[Brief descriptive captions]
++++++++

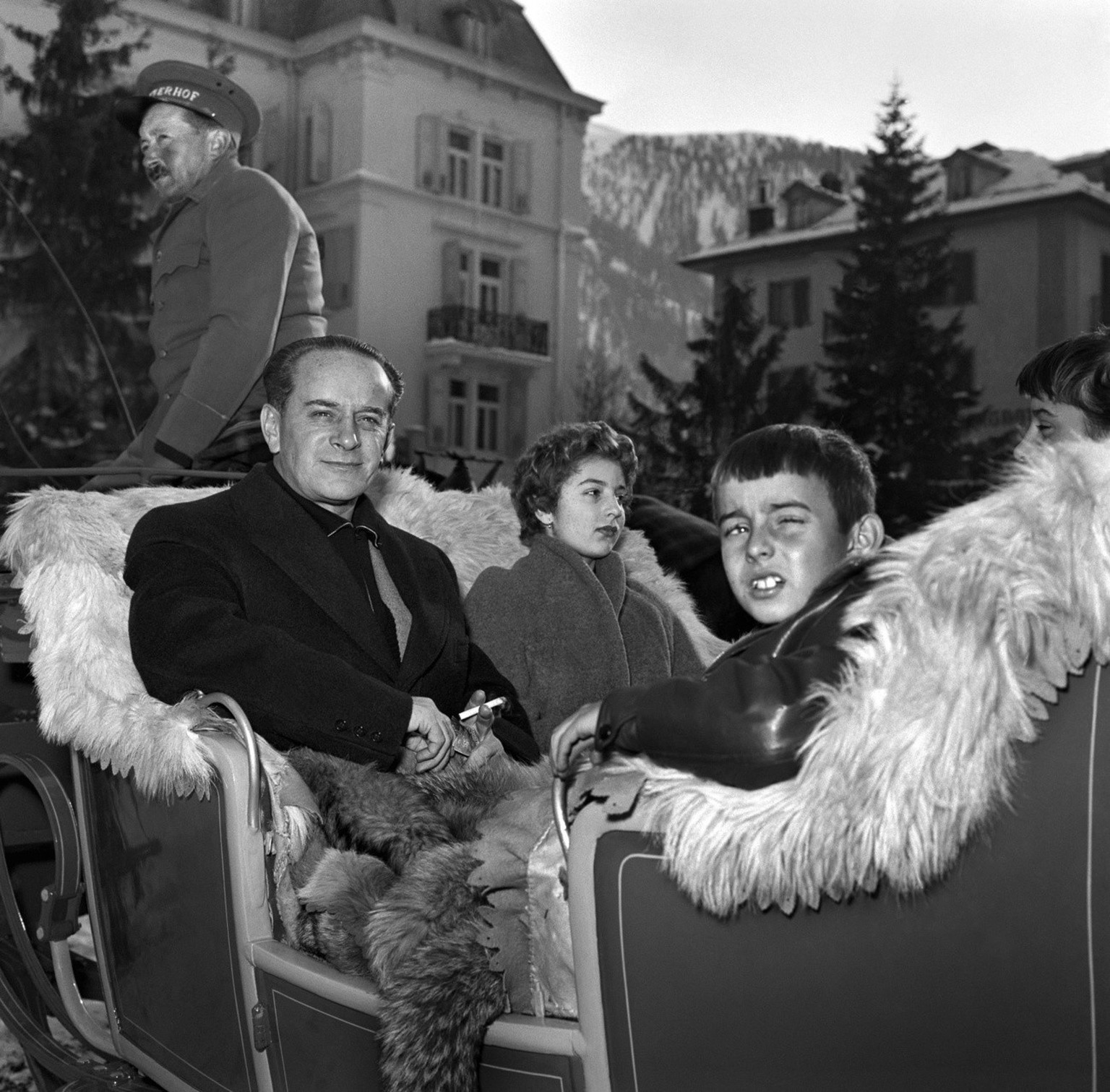 Jacobo Arbenz and his family in a carriage in Zermatt, 1955.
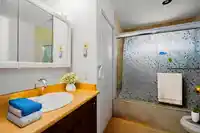 9462 159A STREET - thumbnail 8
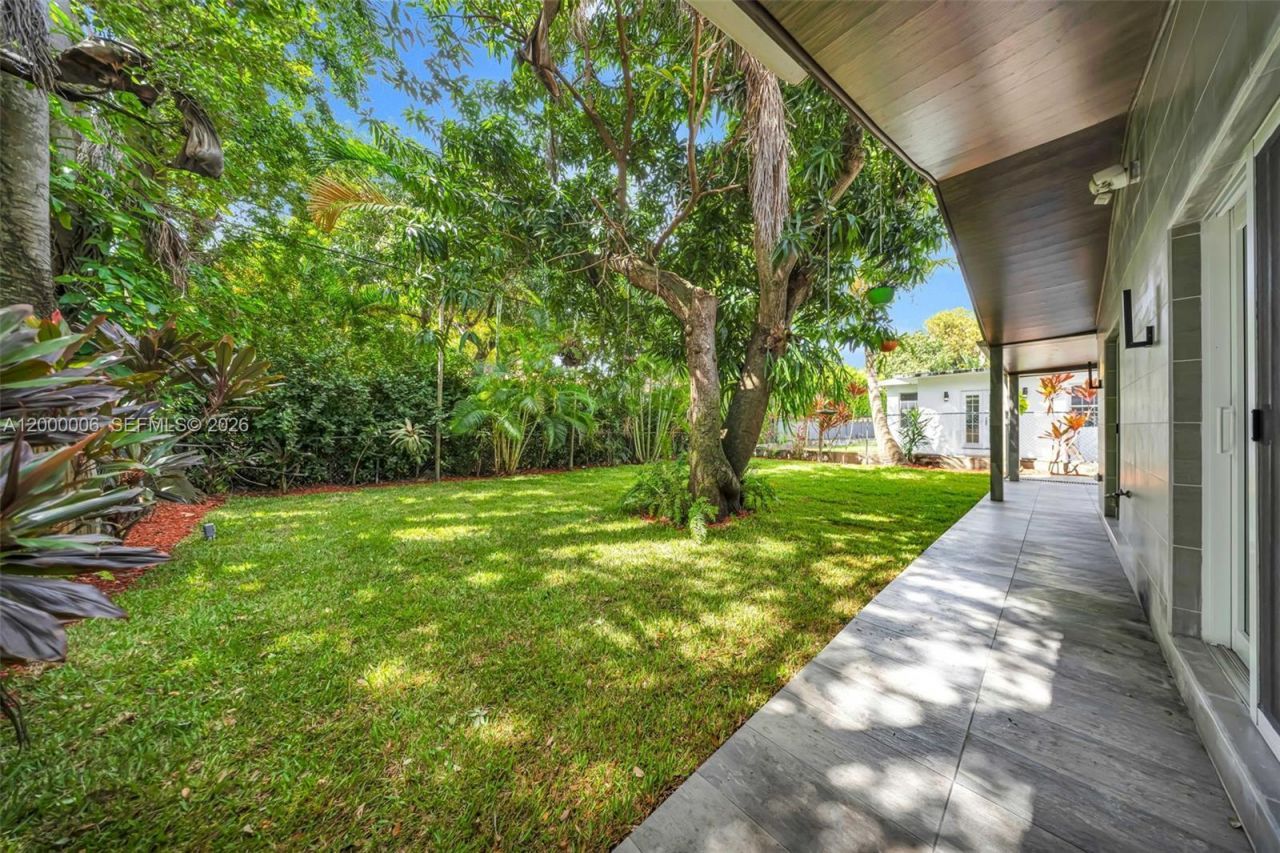 1104 NE 85th St, Miami, FL 33138 Photo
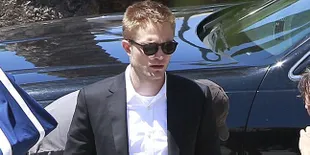 [Video] Robert Pattinson Serang Bodyguardnya Sendiri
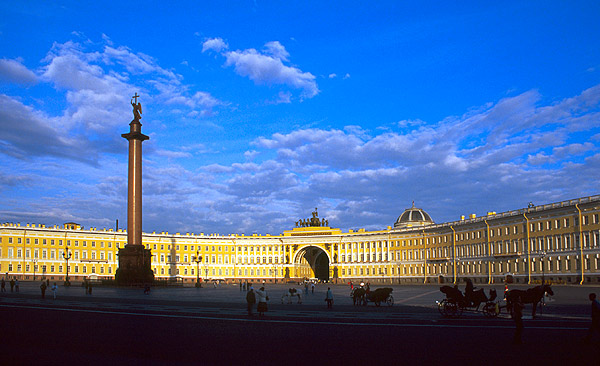 Palácové náměstí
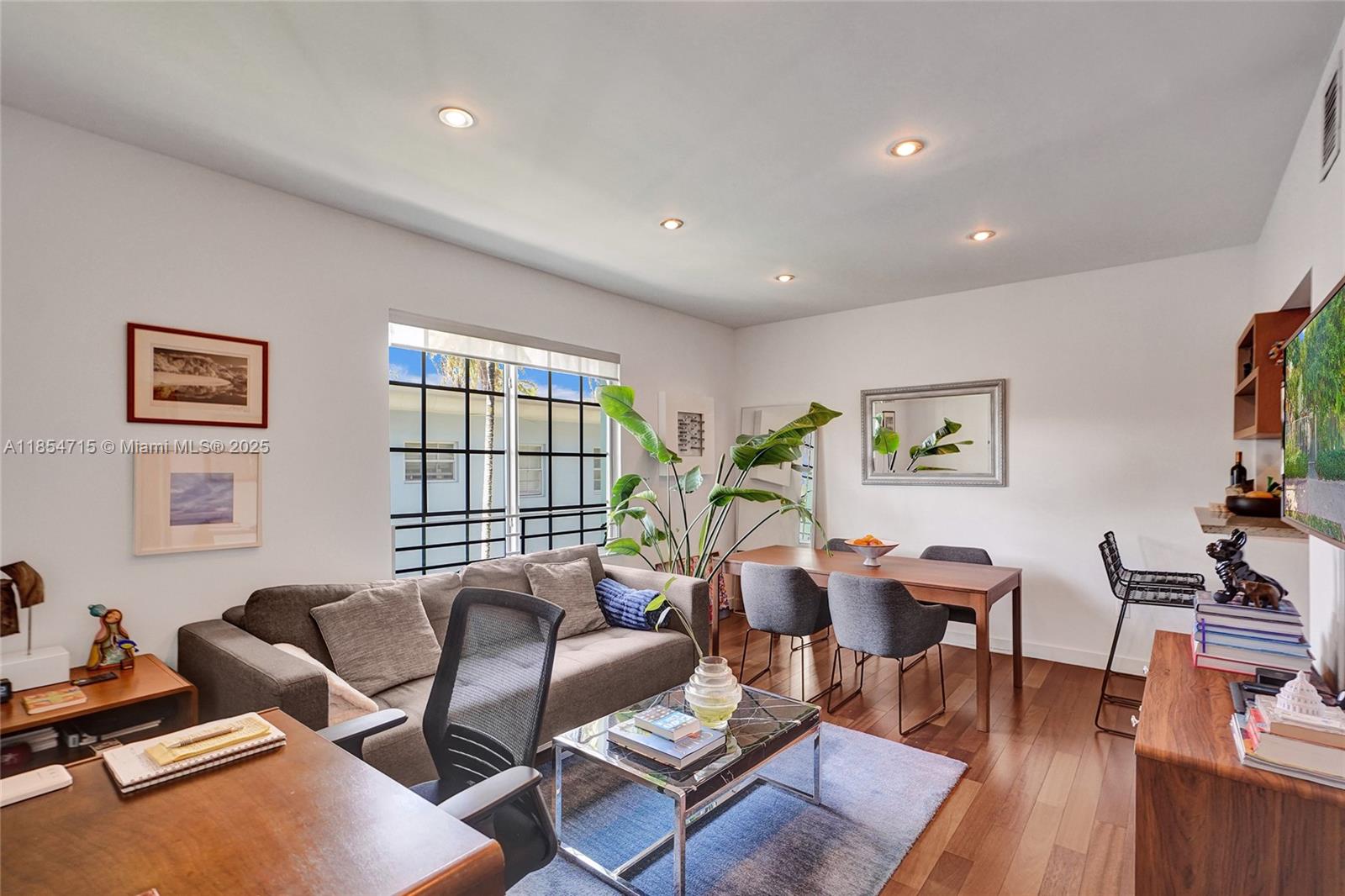 83dcefb7-7278 815 Euclid Ave # 8, Miami Beach FL 33139 — #A11854715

++++++++

Work to be completed
Write out the records above exactly as they appear, leaving out any pictures.

Task result
 Jacobo Arbenz and his family in a carriage in Zermatt, 1955.
 9462 159A STREET - thumbnail 8
 1104 NE 85th St, Miami, FL 33138 Photo
 [Video] Robert Pattinson Serang Bodyguardnya Sendiri
 Palácové náměstí
 83dcefb7-7278 815 Euclid Ave # 8, Miami Beach FL 33139 — #A11854715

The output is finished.